Collection entries
________________

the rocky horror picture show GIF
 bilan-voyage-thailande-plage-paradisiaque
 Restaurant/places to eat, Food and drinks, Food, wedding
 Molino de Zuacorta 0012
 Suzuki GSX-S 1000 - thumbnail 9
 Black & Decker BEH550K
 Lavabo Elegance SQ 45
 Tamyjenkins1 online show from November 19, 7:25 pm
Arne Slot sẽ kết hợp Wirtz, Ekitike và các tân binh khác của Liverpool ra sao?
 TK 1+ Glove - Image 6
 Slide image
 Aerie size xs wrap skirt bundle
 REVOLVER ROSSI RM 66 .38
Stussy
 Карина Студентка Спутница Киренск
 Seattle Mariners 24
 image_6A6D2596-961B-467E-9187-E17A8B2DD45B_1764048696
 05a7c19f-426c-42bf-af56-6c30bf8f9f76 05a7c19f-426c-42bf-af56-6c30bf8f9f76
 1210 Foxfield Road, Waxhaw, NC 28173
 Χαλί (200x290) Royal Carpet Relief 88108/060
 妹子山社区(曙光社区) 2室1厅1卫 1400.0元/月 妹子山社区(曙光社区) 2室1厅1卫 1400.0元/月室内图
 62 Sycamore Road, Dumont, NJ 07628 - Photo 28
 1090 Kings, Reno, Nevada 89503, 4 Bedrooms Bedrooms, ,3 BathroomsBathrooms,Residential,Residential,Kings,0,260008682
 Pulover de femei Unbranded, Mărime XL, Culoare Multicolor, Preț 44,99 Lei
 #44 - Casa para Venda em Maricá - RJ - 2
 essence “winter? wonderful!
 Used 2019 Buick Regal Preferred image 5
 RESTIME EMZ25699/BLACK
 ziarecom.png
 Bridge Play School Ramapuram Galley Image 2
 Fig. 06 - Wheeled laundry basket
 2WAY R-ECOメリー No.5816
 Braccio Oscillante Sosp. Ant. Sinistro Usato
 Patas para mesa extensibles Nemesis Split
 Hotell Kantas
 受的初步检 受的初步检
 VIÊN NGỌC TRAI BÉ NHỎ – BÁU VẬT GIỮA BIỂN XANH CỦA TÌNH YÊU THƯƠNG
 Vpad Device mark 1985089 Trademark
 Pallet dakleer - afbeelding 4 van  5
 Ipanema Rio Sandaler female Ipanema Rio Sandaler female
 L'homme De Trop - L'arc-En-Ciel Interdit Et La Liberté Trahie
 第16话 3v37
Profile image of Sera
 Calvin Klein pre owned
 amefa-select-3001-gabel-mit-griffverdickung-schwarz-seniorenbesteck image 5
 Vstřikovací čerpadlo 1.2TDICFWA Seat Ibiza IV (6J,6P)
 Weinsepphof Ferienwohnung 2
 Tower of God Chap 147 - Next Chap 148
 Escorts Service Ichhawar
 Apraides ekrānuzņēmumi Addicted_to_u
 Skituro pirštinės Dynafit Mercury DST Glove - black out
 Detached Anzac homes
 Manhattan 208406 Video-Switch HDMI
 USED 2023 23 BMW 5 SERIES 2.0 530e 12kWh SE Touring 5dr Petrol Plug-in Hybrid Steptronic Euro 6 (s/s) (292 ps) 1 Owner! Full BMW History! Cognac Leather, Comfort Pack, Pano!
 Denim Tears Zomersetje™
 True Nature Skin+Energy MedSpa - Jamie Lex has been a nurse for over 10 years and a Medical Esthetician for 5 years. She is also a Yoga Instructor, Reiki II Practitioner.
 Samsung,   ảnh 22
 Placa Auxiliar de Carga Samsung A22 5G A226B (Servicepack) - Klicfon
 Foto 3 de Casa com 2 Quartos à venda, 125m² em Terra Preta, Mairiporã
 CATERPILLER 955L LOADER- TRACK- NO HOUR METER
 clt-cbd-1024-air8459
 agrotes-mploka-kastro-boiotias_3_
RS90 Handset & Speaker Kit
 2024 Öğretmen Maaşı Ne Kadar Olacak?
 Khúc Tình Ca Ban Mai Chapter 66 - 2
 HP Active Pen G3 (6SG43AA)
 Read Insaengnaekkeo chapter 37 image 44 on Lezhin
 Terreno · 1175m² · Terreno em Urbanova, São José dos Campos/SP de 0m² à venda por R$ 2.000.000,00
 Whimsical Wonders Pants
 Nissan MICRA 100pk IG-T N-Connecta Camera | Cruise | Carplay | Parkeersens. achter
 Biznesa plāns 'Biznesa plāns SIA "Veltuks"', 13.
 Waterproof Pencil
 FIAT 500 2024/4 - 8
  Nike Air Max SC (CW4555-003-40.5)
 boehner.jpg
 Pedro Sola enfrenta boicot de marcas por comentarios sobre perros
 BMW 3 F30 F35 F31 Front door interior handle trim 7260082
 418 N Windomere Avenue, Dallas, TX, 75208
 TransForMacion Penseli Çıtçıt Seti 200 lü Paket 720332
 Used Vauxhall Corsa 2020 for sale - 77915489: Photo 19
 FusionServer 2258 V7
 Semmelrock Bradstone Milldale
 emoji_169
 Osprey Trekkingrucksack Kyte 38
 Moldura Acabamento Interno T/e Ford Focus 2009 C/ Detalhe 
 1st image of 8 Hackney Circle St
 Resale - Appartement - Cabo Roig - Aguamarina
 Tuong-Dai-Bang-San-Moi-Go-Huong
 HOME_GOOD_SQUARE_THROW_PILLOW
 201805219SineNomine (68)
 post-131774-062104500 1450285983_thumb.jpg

________________

== What the task asks ==
Please show each line in the records above that contains "Samsung".

== Result ==
 Samsung,   ảnh 22
 Placa Auxiliar de Carga Samsung A22 5G A226B (Servicepack) - Klicfon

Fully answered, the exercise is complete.